This command will be used throughout the examples to show at a surface level if the job and tasks ran. To thoroughly check job status you need to look at the output file.

Examples

Below I provide 3 unique examples of running code using a normal session. These are the most common job types you will run when using a normal session. Each example is executing the same code but utilizing the cluster in different ways. Therefore, the code is not exactly the same but the results should all be the same assuming the same seed is specified across the methods. I’ve adapted the example code provided in the Advanced Topics for Interactive Sessions blog post.

You can download the code and sample output files used below here.

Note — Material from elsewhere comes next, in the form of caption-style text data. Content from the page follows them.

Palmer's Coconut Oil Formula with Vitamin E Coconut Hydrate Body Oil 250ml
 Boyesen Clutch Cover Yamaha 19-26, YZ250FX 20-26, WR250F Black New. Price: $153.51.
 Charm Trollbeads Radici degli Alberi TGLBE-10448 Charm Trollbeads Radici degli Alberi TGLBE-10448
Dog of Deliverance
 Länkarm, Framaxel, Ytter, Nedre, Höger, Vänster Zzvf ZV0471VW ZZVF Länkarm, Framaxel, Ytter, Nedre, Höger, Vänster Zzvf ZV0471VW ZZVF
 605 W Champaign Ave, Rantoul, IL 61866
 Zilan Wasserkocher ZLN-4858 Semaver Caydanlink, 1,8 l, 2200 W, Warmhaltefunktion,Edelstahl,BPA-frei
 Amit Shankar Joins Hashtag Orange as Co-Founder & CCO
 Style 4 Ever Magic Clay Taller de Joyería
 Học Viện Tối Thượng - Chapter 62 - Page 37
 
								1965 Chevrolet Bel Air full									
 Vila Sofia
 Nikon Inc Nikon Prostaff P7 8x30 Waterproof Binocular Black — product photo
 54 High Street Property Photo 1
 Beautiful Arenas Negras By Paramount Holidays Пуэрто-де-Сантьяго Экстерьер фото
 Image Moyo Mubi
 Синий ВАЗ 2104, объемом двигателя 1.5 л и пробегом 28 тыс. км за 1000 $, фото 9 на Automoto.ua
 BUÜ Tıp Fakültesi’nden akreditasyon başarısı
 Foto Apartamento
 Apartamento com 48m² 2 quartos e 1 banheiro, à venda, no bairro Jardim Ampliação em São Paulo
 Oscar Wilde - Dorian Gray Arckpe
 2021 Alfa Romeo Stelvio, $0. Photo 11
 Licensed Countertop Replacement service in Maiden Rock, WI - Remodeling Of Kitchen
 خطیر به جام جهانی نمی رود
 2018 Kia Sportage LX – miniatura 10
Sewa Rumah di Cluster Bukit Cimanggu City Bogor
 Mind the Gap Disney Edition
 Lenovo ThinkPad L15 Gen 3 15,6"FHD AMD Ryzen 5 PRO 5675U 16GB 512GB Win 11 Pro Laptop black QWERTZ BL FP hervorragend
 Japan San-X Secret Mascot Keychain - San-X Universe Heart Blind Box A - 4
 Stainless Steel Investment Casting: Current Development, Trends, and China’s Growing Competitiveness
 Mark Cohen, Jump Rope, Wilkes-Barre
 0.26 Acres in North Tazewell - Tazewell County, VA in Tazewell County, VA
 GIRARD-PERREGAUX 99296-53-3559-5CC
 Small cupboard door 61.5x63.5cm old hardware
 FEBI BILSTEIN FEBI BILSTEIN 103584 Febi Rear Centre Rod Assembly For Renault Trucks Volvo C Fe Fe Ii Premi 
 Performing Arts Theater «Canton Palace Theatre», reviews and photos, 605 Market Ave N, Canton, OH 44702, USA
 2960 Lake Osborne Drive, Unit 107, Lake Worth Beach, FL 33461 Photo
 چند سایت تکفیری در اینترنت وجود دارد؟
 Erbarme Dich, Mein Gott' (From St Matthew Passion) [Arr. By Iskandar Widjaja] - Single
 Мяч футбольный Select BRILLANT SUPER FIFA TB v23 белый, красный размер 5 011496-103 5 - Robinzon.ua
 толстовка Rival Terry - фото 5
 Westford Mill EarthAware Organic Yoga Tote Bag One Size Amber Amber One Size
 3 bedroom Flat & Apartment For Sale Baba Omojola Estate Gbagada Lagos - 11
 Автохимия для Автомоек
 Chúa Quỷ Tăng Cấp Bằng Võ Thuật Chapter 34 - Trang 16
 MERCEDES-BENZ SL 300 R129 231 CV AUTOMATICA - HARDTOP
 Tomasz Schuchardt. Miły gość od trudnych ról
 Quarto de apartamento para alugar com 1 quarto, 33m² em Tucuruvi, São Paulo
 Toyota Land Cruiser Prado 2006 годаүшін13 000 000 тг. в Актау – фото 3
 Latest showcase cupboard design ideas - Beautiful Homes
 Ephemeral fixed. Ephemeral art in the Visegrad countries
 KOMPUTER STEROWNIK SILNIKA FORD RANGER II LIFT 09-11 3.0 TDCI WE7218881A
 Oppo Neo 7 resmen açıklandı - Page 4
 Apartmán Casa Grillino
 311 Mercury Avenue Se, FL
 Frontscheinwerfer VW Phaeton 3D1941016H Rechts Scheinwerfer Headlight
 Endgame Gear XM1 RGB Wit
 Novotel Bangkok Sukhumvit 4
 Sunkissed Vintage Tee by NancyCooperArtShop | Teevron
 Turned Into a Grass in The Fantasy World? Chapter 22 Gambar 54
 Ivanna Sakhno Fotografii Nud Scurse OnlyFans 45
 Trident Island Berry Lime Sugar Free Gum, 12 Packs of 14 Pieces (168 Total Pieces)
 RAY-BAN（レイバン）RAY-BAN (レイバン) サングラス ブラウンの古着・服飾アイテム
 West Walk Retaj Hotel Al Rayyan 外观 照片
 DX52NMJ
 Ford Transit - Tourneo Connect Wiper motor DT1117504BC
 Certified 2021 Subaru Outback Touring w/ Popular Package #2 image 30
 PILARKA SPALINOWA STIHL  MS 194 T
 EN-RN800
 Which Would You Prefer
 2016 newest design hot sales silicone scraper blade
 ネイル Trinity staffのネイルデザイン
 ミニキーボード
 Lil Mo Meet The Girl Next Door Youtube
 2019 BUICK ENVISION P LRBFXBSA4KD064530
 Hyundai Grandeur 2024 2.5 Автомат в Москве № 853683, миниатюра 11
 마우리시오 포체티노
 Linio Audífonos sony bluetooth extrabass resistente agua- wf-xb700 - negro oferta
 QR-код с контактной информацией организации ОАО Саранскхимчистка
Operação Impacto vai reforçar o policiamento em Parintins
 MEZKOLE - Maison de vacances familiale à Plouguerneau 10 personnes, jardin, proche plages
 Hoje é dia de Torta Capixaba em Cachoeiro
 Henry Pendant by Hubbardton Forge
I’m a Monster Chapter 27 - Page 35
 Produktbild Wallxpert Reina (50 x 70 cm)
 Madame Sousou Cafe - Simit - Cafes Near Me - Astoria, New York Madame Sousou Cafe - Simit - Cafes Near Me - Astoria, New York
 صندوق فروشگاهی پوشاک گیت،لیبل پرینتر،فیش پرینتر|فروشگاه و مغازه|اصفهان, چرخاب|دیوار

Example 1: Classic Batch Job

This example runs the code provided below as 100 separate jobs in a normal session. After sshing onto scisub run the following:

R Code

This code is given through the zipped file above in ‘normal_session_examples/normal_example1/normal_example1.R’. Change the paths in the code to match those related to your machine. Use a transfer client and put this file on the cluster. Note, you should specify the file paths to where you put the script and would like to save output on the cluster.

For simplicity, I’ve provided the code below to explain some special characteristics of the code related to a batch job.

library(lme4)
library(parallel)

normal_example1 <- function(i, wd = '/project/taki3/amv/cluster/') {
  message('Number of cores detected ', Sys.getenv('LSB_DJOB_NUMPROC'))
  message(paste0('Sampling data for iter ', i))
  # Randomly sample without replacement iris data
  iris_sample = dplyr::sample_n(tbl = iris, size = 75, replace = FALSE)
  message(paste0('Calculating model for iter ', i))
  # Fit linear mixed effects model
  model = lm(Petal.Width ~ Petal.Length + Sepal.Width + Sepal.Length, data = iris_sample)
  # If the directory doesn't exist for job create it
  if(dir.exists(paste0(wd, 'linear_models')) == FALSE){
    dir.create(paste0(wd, 'linear_models'))
  }
  message(paste0('Saving model for iter ', i))
  # Save each iteration of results
  saveRDS(object = model, file = paste0(wd, "linear_models/model_norm1_session_", i, ".rds"))
  message(paste0('Completed iter ', i))
  # Return the fitted model
  return(model)
}

# Set a master seed
set.seed(23)
# Create a vector of seeds for the normal batch job
i = as.numeric(Sys.getenv("LSB_JOBINDEX"))
# If i = 0 set it to 1
# Useful for when you're de-bugging code in an interactive session where i is set to 0
if(i == 0){
  i = 1
}

# Create a vector of seeds for array job
iter = 100
seed_vec = sample(1:100000, iter, replace=F)
# Set the seed specific to this task
set.seed(seed_vec[i])

# Run the example function
normal_example1(i = i, wd = '/project/taki3/amv/cluster/')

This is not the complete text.